Visto che gli uomini della retroguardia sono grosso modo gli stessi del primo biennio prandelliano, caratterizzato invece da una soddisfacente impermeabilità, è chiaro che il problema non stia tanto nella qualità degli uomini, né in un improvviso imbrocchimento degli stessi, quanto in sbalzi di rendimento eccessivi imputabili anche alla diminuita solidità complessiva della squadra, che da troppo tempo, lo ripeto, balbetta football con poche luci e molte ombre. Se il centrocampo torna a fare ciò che ha fatto egregiamente fino alla finale europea con la Spagna, cioè far girare palla, tessere trame, produrre gioco e tenere il controllo della gara, la retroguardia risulterà più protetta e, giocoforza, recupererà sicurezza; se invece continuerà a funzionare a singhiozzo e a lasciare troppo campo ad avversari anche modesti, le sofferenze dietro rimarranno, e nel contesto iridato verranno pagate a caro prezzo.

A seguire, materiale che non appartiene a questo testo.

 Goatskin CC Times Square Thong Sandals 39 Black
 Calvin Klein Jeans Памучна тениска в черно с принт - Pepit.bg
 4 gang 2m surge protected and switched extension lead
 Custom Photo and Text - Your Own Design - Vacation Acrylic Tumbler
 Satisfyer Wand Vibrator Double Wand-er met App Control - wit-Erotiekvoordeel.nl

CENTROCAMPO DA RIDISEGNARE - Ferma restando l'imprescindibilità di De Rossi, uomo ovunque in grado di dare equilibrio a tutto il complesso, la sensazione è che il ritorno alla formula di Euro 2012, con Thiago Motta di nuovo titolare, non sia stata un gran trovata: nell'attesa di un pieno recupero di Montolivo, uomo chiave della gestione Prandelli non sempre esaltato come avrebbe meritato, la zona nevralgica ha bisogno della linfa giovanile, della vitalità, della corsa e dell'eclettismo dell'ottimo Florenzi di questa splendida stagione romanista, così come, qualche metro più avanti, bisognerà cercare di ritagliare uno spazio per Insigne, il quale, Rossi a parte, rappresenterebbe una variabile importante per una manovra offensiva ancora troppo legata agli estri di Supermario. Si è preso atto, come da secoli sottolineato su questo blog, che lo schieramento a quattro dietro è il più congeniale a questa squadra, dopodiché è giusto avere a disposizione più opzioni tattiche, ma sarebbe anche opportuno virare con decisione su una, massimo due formule, perché anche la continua sperimentazione di strategie ha fatto forse perdere un po' la bussola al team azzurro.

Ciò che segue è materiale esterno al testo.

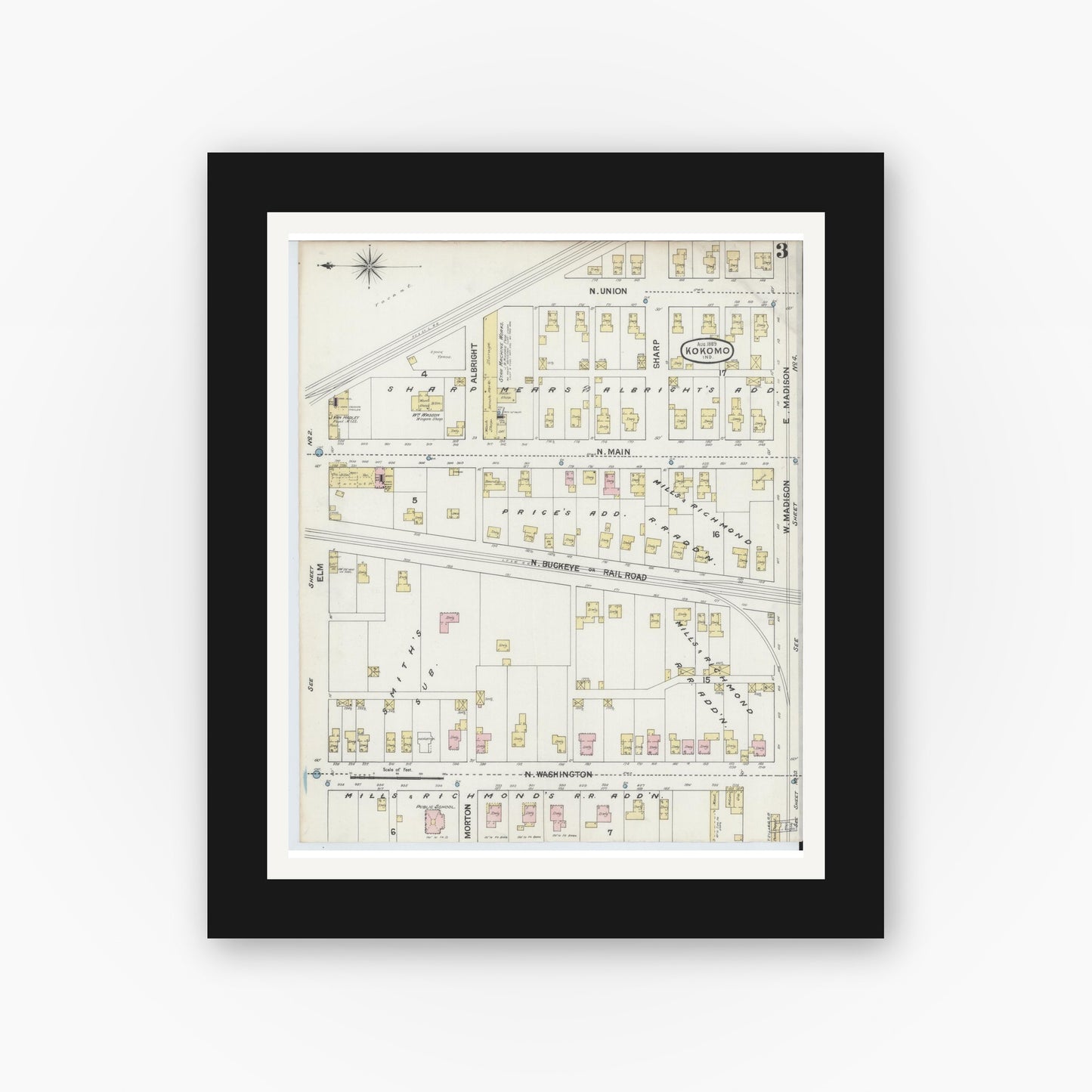 Old map wall art mockup — black gallery frame with white mat — Sanborn Fire Insurance Map from Kokomo, Howard County, Indiana (1889), Sheet #0003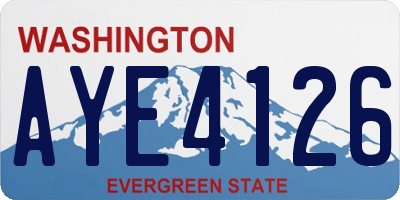 WA license plate AYE4126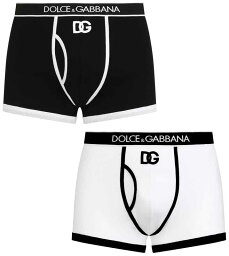 ドルチェ&ガッバーナ DOLCE&GABBANA D&Gドルチェ＆ガッバーナメンズ ボクサーパンツブラック ホワイト ボクサーショーツDGパッチロゴ リブコットン ジャージ アンダーウェア ボクサーブリーフドルガバ ディー＆ジー 下着UNDER WEAR N0004BKW1001WH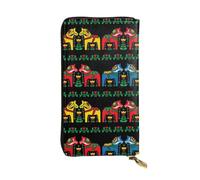 YYHWHJDE Women's Long Leather Wallet with Zipper Coin Pocket | Durable Faux Leather Organizer Gift For Ladies Girls Runner Swedish Dala Horse Folk Printing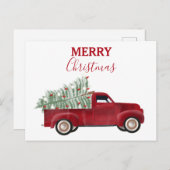 Christmas Antique Pickup Truck Xmas Tree シーズンポストカード (正面/裏面)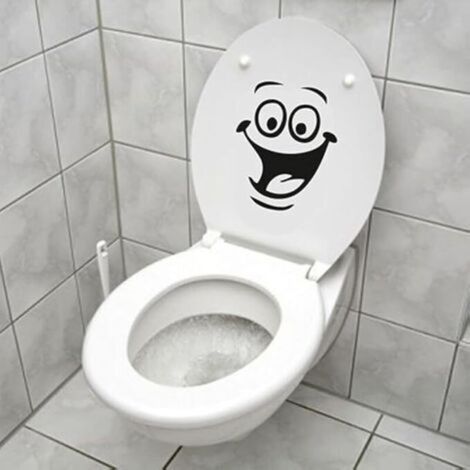 Smiley Sticker, Funny Wall Decal for Toilet, Bathroom, Kitchen, PVC, 1 Color 18 x 24CM (1/3)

PROSPETTIVE MONDIALI - Dopo un avvio di stagione poco entusiasmante, e la perdita (grave e sottovalutata dai grandi media) della testa di serie, l'Italia è scivolata nelle gerarchie planetarie. Al momento è da quarto di finale, non di più, il che vuol dire poco o nulla, perché la Coppa del mondo spesso cambia le carte in tavola. Bisognerà presentarsi al top in quel mese, curare la preparazione in maniera più efficace di quanto sia stato fatto per la Confederations, azzeccare le convocazioni, creare l'atmosfera giusta nel gruppo, un calibrato mix fra serenità e voglia di stupire. Realismo, ci vuole, ma non pessimismo: preso atto di questa involuzione registrata a partire dalla seconda metà del 2012, ci son però tante sicurezze: c'è un'Italia che nei due appuntamenti più importanti fra quelli finora affrontati (Europeo e torneo premondiale l'estate scorsa) ha mostrato mentalità vincente, arrivando fino in fondo; c'è un gruppo non fenomenale ma di buon livello, che ha centrato quasi tutti gli obiettivi (a parte la citata testa di serie Mundial), a volte andando anche oltre le aspettative: un gruppo fatto di tanti buoni giocatori (e una rosa ampia in cui pescare, non poco in questi tempi di esterofilia spinta), di due - tre giovani interessanti e di altrettanti fuoriclasse di statura mondiale, i "vecchi" De Rossi e Pirlo e l'ultimo grido Balotelli. I citati secondi tempi con Germania e Nigeria, il ritrovato gusto del gioco e alcune scintillanti manovre di prima in velocità viste in entrambe le gare, fanno capire che le basi ci sono, non sono andate perdute, si tratta solo di rimettere a punto tutto il meccanismo. Forza e coraggio!